13. Есть однако основание сомневаться в том, что король Датский согласится удовлетворить герцога Голштинского, разве что он будет к тому принужден силою оружия, тогда как истинное намерение Е. К. В. заключается в том, чтобы доставить Императору и Царице как можно меньше затруднений; Голштинский же герцогь также считает Датского короля за государя, дружба которого может ему быть весьма полезною для других его целей, как по отношению к Швеции, так и по отношению к изгнанию Ганноверцев из Бременской области.
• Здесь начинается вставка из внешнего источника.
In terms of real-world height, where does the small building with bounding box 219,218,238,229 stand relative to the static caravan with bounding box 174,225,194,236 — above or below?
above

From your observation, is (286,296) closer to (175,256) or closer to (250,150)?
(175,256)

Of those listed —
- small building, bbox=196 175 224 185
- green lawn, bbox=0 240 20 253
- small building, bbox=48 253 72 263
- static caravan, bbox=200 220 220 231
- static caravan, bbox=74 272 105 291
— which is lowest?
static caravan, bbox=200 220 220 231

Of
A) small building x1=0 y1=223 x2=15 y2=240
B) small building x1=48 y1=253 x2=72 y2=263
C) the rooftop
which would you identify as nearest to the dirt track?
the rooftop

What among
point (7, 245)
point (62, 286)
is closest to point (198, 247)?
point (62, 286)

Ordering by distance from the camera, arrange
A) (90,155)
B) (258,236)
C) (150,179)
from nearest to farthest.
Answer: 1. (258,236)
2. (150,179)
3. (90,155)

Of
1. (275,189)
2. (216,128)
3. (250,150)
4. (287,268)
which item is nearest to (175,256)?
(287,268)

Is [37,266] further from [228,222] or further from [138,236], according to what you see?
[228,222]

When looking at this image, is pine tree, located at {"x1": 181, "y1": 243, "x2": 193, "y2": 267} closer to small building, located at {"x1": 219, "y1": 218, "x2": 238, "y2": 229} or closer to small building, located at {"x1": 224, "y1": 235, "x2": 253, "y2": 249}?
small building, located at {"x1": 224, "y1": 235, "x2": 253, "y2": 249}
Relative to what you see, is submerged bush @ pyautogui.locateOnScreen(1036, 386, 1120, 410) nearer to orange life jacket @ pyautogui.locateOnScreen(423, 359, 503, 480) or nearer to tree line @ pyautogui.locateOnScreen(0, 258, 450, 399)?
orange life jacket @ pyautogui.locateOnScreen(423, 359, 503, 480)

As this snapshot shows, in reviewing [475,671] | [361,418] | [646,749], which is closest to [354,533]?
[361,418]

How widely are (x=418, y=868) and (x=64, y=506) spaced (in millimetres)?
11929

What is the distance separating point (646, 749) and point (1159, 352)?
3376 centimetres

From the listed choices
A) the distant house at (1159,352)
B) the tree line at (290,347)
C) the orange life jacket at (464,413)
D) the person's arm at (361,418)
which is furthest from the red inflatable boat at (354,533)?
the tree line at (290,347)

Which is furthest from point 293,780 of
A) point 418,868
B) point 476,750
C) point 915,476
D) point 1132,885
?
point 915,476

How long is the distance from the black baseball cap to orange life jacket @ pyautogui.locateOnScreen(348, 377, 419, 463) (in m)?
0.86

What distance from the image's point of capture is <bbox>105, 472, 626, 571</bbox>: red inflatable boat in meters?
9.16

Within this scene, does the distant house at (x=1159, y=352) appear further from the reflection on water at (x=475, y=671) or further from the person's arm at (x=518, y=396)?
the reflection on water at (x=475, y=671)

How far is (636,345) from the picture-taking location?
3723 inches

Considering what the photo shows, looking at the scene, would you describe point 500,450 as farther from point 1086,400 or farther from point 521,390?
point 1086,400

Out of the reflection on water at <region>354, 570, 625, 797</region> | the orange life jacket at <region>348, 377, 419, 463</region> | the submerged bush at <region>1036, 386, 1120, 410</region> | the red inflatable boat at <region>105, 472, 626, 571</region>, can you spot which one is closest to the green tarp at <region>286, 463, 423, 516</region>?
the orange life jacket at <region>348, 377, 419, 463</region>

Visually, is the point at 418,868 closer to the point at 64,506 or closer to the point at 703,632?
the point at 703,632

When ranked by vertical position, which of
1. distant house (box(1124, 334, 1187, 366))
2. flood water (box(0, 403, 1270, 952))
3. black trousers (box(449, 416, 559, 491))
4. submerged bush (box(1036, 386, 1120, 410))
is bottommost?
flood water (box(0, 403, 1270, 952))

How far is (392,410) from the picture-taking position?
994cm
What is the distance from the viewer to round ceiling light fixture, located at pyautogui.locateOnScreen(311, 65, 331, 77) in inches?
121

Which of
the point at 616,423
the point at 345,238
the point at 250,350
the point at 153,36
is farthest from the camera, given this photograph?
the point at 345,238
14. По этим и еще другим причинам герцог Голштинский согласен, в ущерб самому себе и своему праву, уступить Датскому королю свое Шлезвигское герцогство и заключить с королем мир на следующих условиях: Голштинский герцог уступит Датскому королю на всегда принадлежащую герцогу часть Шлезвигского герцогства, за исключением лишь принадлежащих к нему островов, каковые острова все будут возвращены герцогу, и король Датский обяжется уплатить долги, лежащие на сем герцогстве. Удовлетворение, которое получит герцог в замен утраты сего своего наследия и власти (souveraine te), чему в действительности цены нет, будет заключаться: 1-е, в уступке названных островов; 2-е, в уступке графств Ольденбургского и Дельменгорстского, очищенных и совершенно свободных от долгов; 3-е, в согласии короля на уничтожение Голштинского вероисповедания; 4-е, в том, чтобы епископство Любекское перешло навсегда к герцогскому дому, и 5-е, в том, чтобы право короля на наследование Плёном также перешло бы к герцогскому дому. Все это вместе не стоит и двух третей доходов с герцогства Шлезвигского, не говоря уже о власти, с ним соединенной.

13. Если Датский король пожелает заставить себя искренно споспешествовать Голштинскому герцогу в его намерениях, по отношении к Швеции, как для него лично, так и для всего герцогского дома, так как Е. К. Высочество имеет намерение упрочить наследование [378] Швецией, за неимением собственного потомства, за епископом Любекским: то герцог Голштинский с своей стороны обязуется, как только увидит себя упроченным на Шведском престоле, уступить своему двоюродному брату, Любекскому епископу, всю унаследованную им землю, так что ни единой пяди (pouce) Голштинской земли не будет соединено со Швецией.

16. Так как изгнание Ганноверцев из Бременской области есть дело, от которого вполне зависит спокойствие Империи и Севера, то необходимо, следовательно, чтобы оно непременно совершилось. И так: если Датский король согласится помочь или, по крайней мере, не препятствовать сему, а также не противиться тому, чтобы Бремен, присоединенный к графствам Ольденбургскому и Дельменгорстскому, милостью Императора был возведен в курфюршество, в пользу герцогского дома, и, буде случится, что епископ Любекский и его потомство по прямой линии унаследуют это курфиршество и Шведскую корону, то герцогская часть самого Голштинского герцогства станет собственностью Датского королевского дома.

17. Если Датского короля нельзя будет склонить к разрыву союза с королем Великобританским и войти в соглашение с Голштинским герцогом на условиях, представляющих собою окончательно то, на что согласится герцог Голштинскiй, дабы помириться с Датским королем: то он не удовольствуется вышеизложенными предложениями, но, оставаясь при всех своих требованиях, будет настаивать на полном удовлетворении и вознаграждении.

18. В случае, если герцог Голштинский умрет, не оставив потомства, и Шведы тогда получат короля в лице Любекского епископа и утвердят за его потомством престолонаследие, то в таком случае (а не иначе) курфюршество Бремен, вместе с графствами Ольденбургским и Дельменгорстским, будет присоединено к короне Шведской.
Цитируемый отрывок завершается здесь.